In the decade immediately following the toppling of the Khmer Rouge, many national and local-level memorials were constructed throughout Cambodia. Some are stupas, some just piles of skulls and bones. The 62 meter tall stupa at Choeung Ek, built in 1988, holds nearly 9 thousand skulls, dug out of their graves behind and carefully laid on glass shelves that go all the way to the top. Underneath is a pile of rags, some of the victims clothing.












Choeung Ek probably the most well known of the memorial sites (due to it's proximity to Phnom Penh) and certainly boasts the largest stupa but the brutality it has witnessed is by no means the most extreme. Nayan Chanda, a journalist with the Far Eastern Economic Review, described as ‘an obscene carpet of bones’, the remains of up to 100 thousand bodies, were found beneath mango trees in the Provence of Kampong Cham.

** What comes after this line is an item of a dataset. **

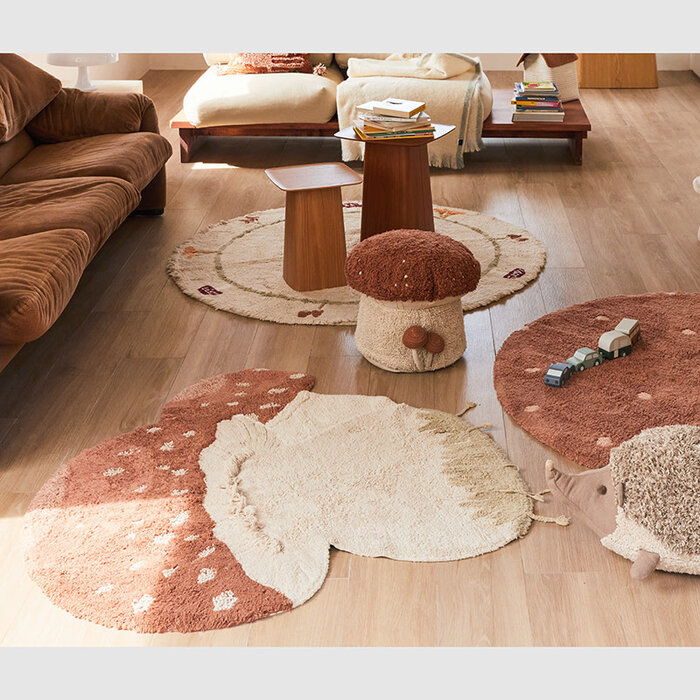 Lorena Canals Boletus -  tapis lavable en coton 120 x 120 cm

The guide books suggest seeing Toul Sleng and then making the trip out to 'The Killing Fields' but we were emotionally worn out after visiting Toul Sleng just after we arrived in Cambodia. We made our trip to Choeung Ek with my parents who had visited Toul Sleng a few days before. The sign at the ticket kiosk asks for quiet and it is so quiet you can almost hear the sun on the grass. We took our shoes off and walked up the cool tile steps of the stupa. Standing at the foot of the memorial is a powerful thing. The skull stacked shelves, arranged in age and gender, seem to reach the sky. So many people ... a lot with huge holes smashed into their skulls. The sign says ‘would you please show your respect to many million people who were killed under the genocidal Pol Pot regime’ but it was hard to feel respect over a profound sense of sadness that threatened to spill down my cheeks.





We walked around the sunken holes left after the bones were exhumed being careful to stick to the worn paths. Bones still lie in the ground and are set to remain untouched after the government sold the site in 2005 to a Japanese company on condition no more exhumations were to be undertaken. It is sad that the Cambodian people have lost control of one of their memorial sites but in direct contrast to the delapidated and seriously underfunded Toul Sleng, Choeung Ek is clean and well maintained. The integrity of the place seems to be intact.






'Mass grave of more than 100 victims, children and women, whose majority were naked', 'Mass grave of 166 victims without heads' and 'Mass grave of 450 victims'. Bits of clothing are visible still half buried in the dirt.
Another sign under a tree reads 'Killing tree against which executioners killed children.'



On January 27 2005 World leaders and Holocaust survivors gathered at Auschwitz to commerorate its liberation. More than a million people, the majority
Jews, died there between 1940 and 1945. During the session Secretary-General
Kofi Annan said, ‘Such an evil must never be allowed to happen again.’
Holocaust survivor and Nobel Prize winner Elie Wiesel told the special session, ‘In those times those who were in the death camps felt not only tortured and murdered by the enemy, but also tortured and murdered by what they considered to be the world’s silence and indifference,’ Later in a debate on the British Broadcasting Corporation website Wiesel said he feared that the lessons have already been lost. ‘If the world had listened we may have prevented Darfur,
Cambodia, Bosnia, and naturally Rwanda' some 30 years later. Today the world sits while thousands are still being killed in the Sudan, Darfur and most recently in Gaza.

Isnt it time we learned to respect each others differences, heeded the lessons of siblings and learned to get along?

Isnt it time it all stopped?



'If justice has not been sought, the piled-up bones should not be
cremated. Proper cremation is not enough for the victims, for
their spirits will not be in a peaceful state unless justice is found.